Optimization of Ventricular Timing

While the therapeutic benefits conferred by CRT are distinctly related to the site of ventricular stimulation, the precise placement of the LV lead(s) is limited by a highly variable anatomy of the coronary sinus and its tributaries, by myocardial scars that are unexcitable, or by intolerable phrenic nerve stimulation. Several electrical and mechanical methods of optimization of ventricular activation have been developed in an attempt to vary the RV or LV leads positions, the stimulation vector, and the LV-RV stimulation interval.

Electrical Optimization

Attempts in some studies to obtain the thinnest QRS during CRT by changing the lead(s) position(s) has been associated with higher rates of therapeutic response, though this is still debated. This strategy is clearly limited by the presence of zones of slow conduction situated near the stimulation site, which might conceal components of the QRS, rendering them isoelectric and spuriously shortening the duration of the complex. The morphology of fusion complexes may also help in assessing the effects of CRT. A QRS identical to that produced with left-sided or right-sided stimulation raises the suspicion of conduction delays and latency of capture at the right-sided and left-sided leads, respectively.
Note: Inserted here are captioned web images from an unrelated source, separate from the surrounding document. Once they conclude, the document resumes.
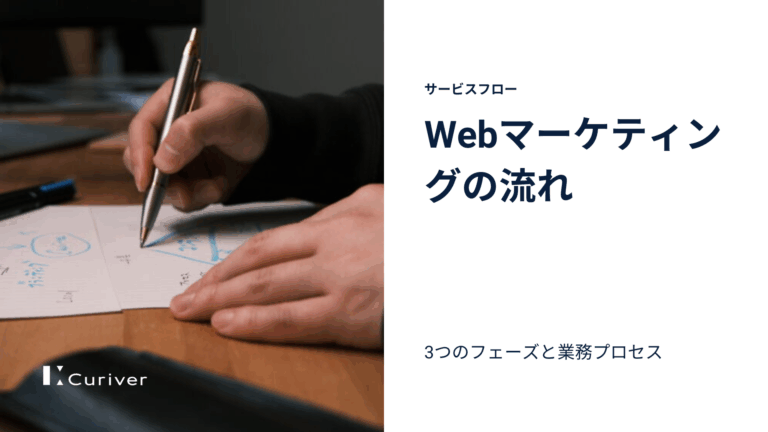Webマーケティング　流れ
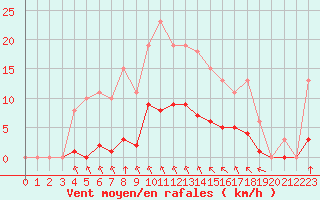 Courbe de la force du vent pour Saint-Martial-de-Vitaterne (17)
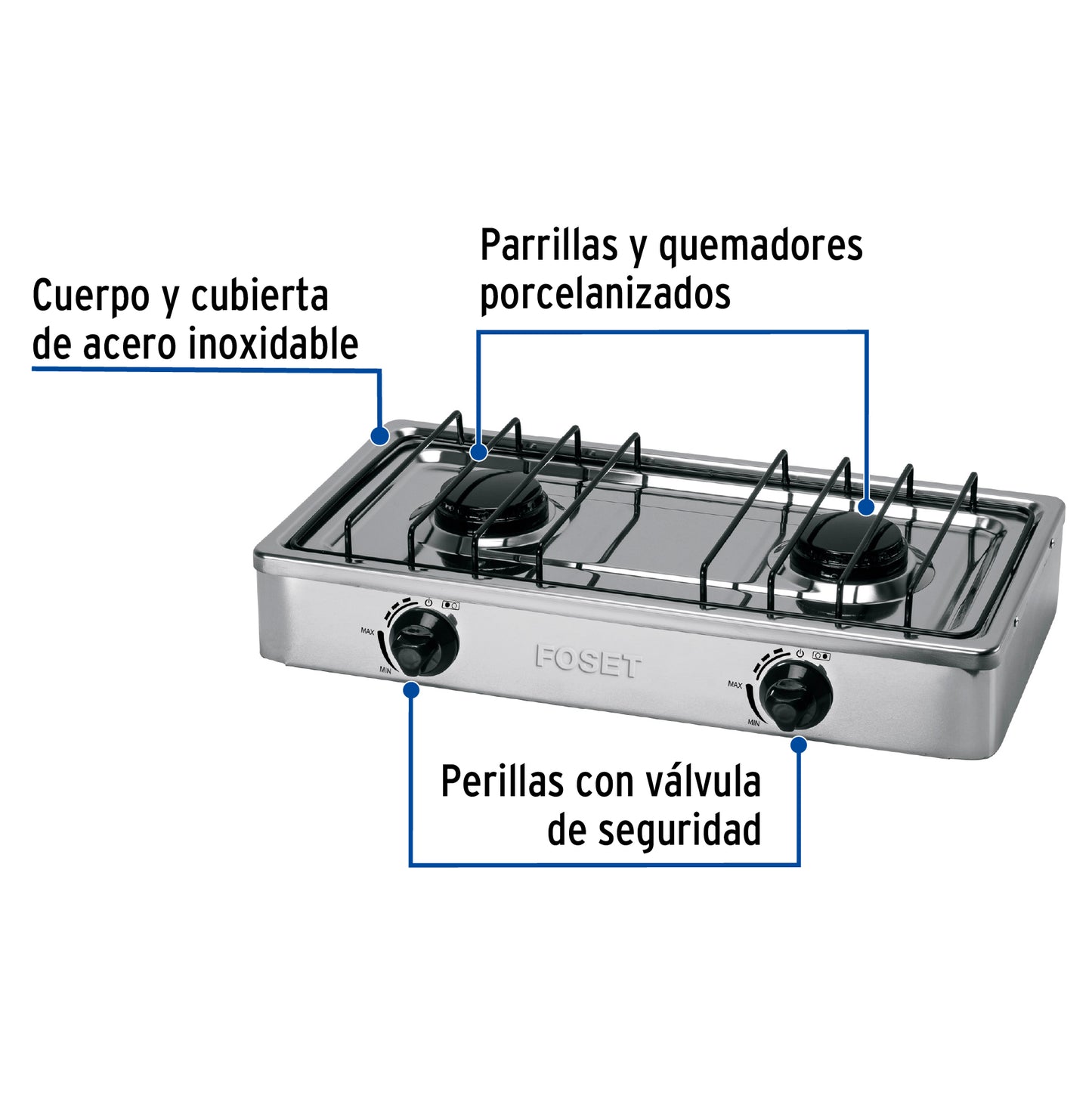 Parrilla de Gas Sobreponer 2 Quemadores Acero Inoxidable FOSET - Resistente Corrosión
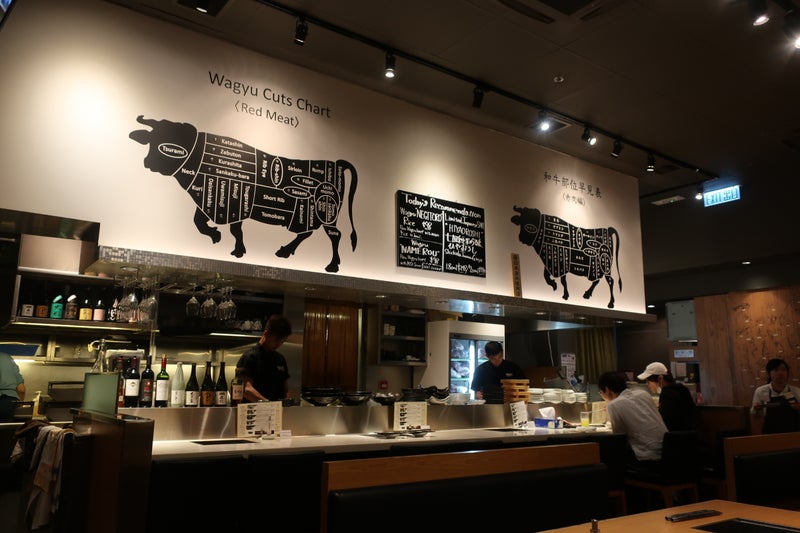 肉の分配12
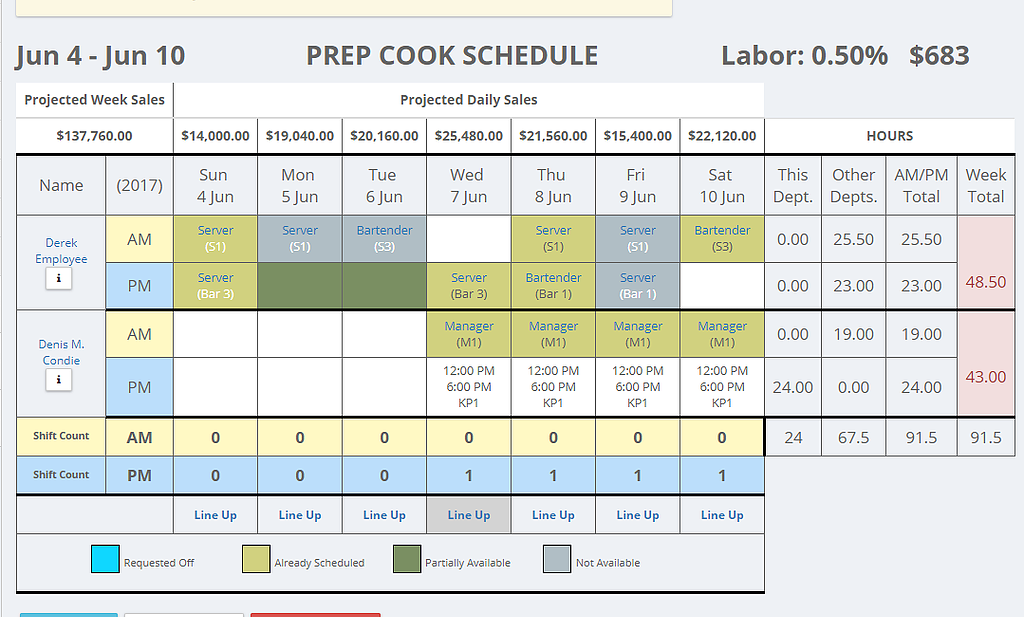 Prep cook shows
The programming of sequential LV-RV stimulation may allow a more synchronous activation of the ventricles (Figure 35-20). A change in the bipolar, extended bipolar, or inverted bipolar LV stimulation vector is effective in cases of high capture threshold or phrenic stimulation. The clinical merits of such programming remains to be shown.

Figure 35-20 Top, Simultaneous biventricular (BiV) pacing showing the effect of ventricular latency or slow conduction due to myocardial scar; the left ventricular (LV) depolarization wavefront is delayed. Major portions of the left ventricle are depolarized by the right ventricular (RV) wavefront with prolongation of the biventricular activation time. Bottom, Interventricular delay programmed with LV pre-excitation to compensate for the LV latency, shortening the BiV activation time. In the case of single-site LV pacing, the degree of fusion with spontaneous conduction on the right side of the heart depends on the programmed atrioventricular delay. This might improve hemodynamic function in patients with a markedly prolonged LV latency, which cannot be overcome by programming maximum interventricular intervals to pre-excite the left ventricle. LV, Left ventricle; RV, right ventricle; CRT, cardiac revascularization therapy; BiV, biventricular.

(From Barold B, Ilercil A, Herweg B: Echocardiographic optimization of the atrioventricular and interventricular intervals during cardiac resynchronization, Europace 10:iii88–iii95, 2008.)